Bioethicists, hospitals both benefit from QA committee participation
A bioethicist interested in hospital-acquired infection policies could develop a better understanding of bacterial surveillance and contact precaution implementation through involvement in a nosocomial infection quality-assurance (QA) committee. Similarly, a bioethicist who wants to learn more about how health care providers discuss medical errors could become involved in an intensive care unit QA committee.
However, while QA committees often involve senior clinicians, health care providers, and administrators with specific interests or expertise in the QA area being assessed, bioethicists often lack a clear presence.
"Insofar as bioethicists are represented on these committees, it is more common that a member has separate training or a secondary interest in bioethics, as opposed to having a specific clinical or research bioethicist serve on the committee.

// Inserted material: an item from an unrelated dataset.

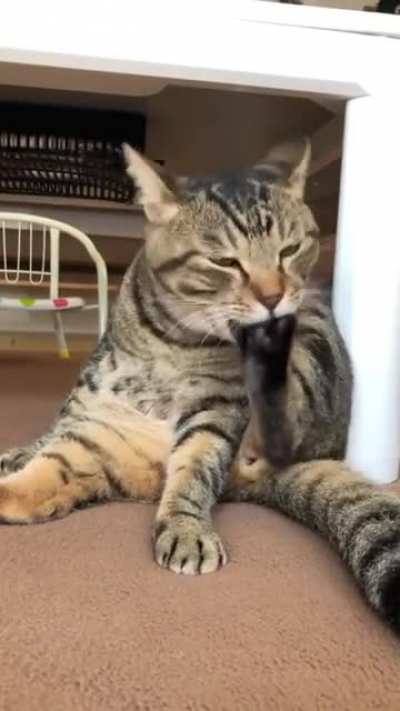 Когда ты Кот, но в душе ты медведь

There are, however, a number of potential benefits to bioethicists in joining QA committees," says Andrew Courtwright, MD, PhD, a physician at Massachusetts General Hospital’s Institute for Patient Care in Boston, MA.

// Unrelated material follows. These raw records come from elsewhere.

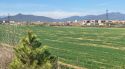 Salt enllesteix l'últim tràmit urbanístic del Campus de Salut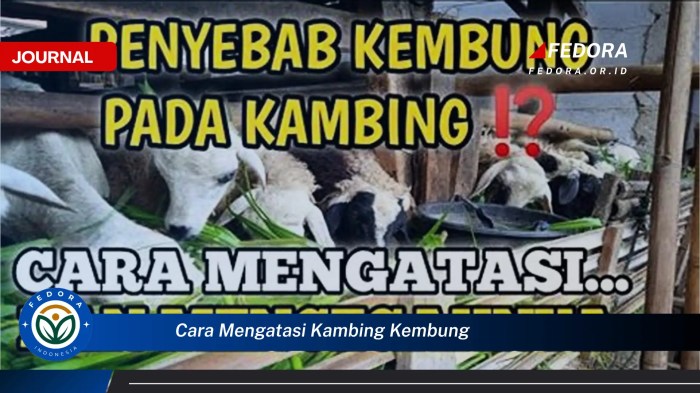Cara cepat mengobati kambing kembung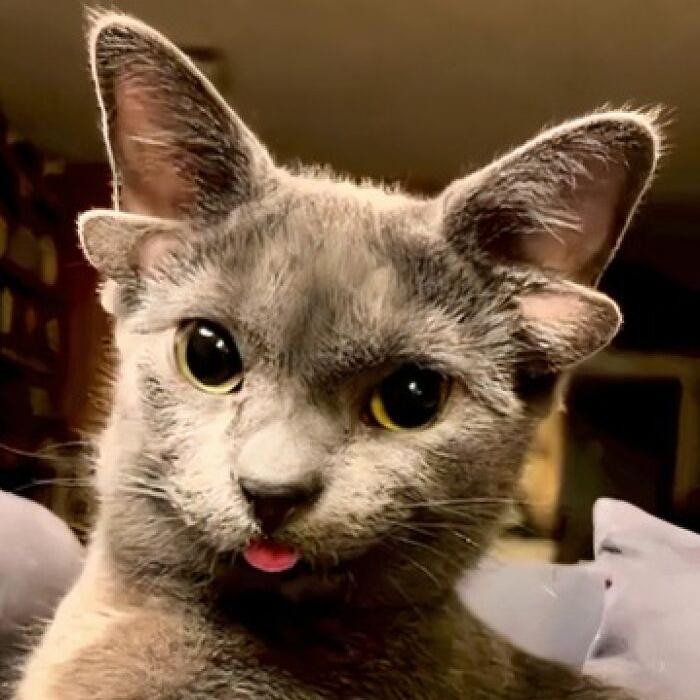 Keajaiban Genetik, 7 Kucing dengan Mutasi Langka yang Memukau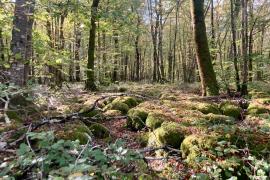 Paysage forestier à la réserve intégrale au PNF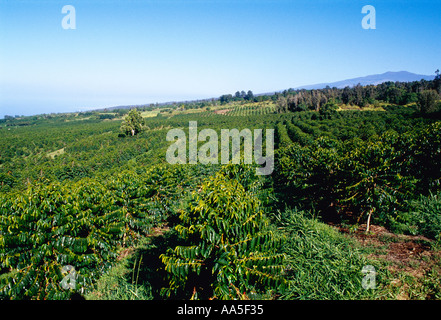 Landwirtschaft - Kona Kaffee Plantage / Hawaii, Hawaii, USA. Stockfoto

Most hospitals have a center for quality and safety that serves as an umbrella organization for the QA committees of individual medical divisions, such as obstetrics and gynecology or pulmonary and critical care medicine, notes Courtwright.
"These committees, in turn, are often subdivided into specific clinic areas — perinatal care, disaster preparedness, or medical intensive care," he says. Ad hoc subcommittees may also meet to consider specific issues such as appropriate intubation thresholds or hospital bed allocation during pandemic flu.

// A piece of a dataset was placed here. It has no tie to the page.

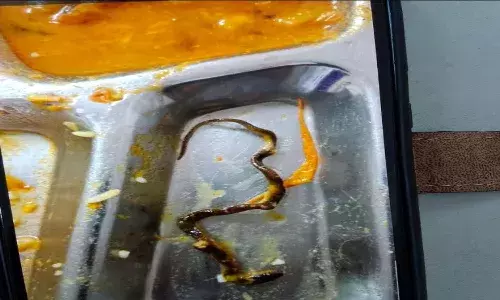 Hyderabad, ECIL Company, Snake In Food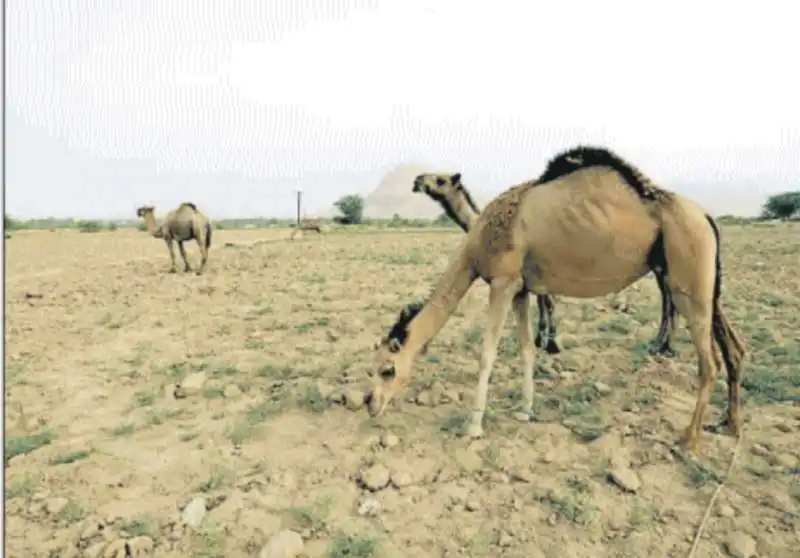 yemen caldo siccita'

"Relying on patient feedback, morbidity and mortality conferences, self-report from staff, and hospital data collection, subcommittees review patient outcomes and develop system-level policies to prevent or to address adverse events," says Courtwright.
Bioethicists can contribute to discussions about such topics as disclosure of medical error, policy responses to root cause analyses, and adverse event publicity and reporting. "The QA committee environment can introduce bioethicists to a number of clinical conversations that are often handled more abstractly in the medical ethics literature," adds Courtwright.
Collaboration with clinicians
Developing collaborative connections to senior clinicians can foster an environment in which these clinicians are more likely to request clinical ethics consultation from their bioethicist colleagues. "Insofar as QA committee policies may impact clinical ethics consultation — for example, terminal ventilator weaning protocols or palliative sedation protocols — having a member with specific experience in these areas may be useful in developing policy," adds Courtwright.
The integration of bioethicists into QA committees may meet with some resistance from health care providers more accustomed to working solely with clinical colleagues. However, the committees can benefit by actively seeking bioethicist members. "Many QA projects straddle the border between quality improvement and human subjects research," says Courtwright.
Having a member with training in the Office for Human Research Protections requirements would help QA committees decide in advance whether to apply for a waiver of informed consent before embarking on a hospital-wide policy intended to change patient care patterns.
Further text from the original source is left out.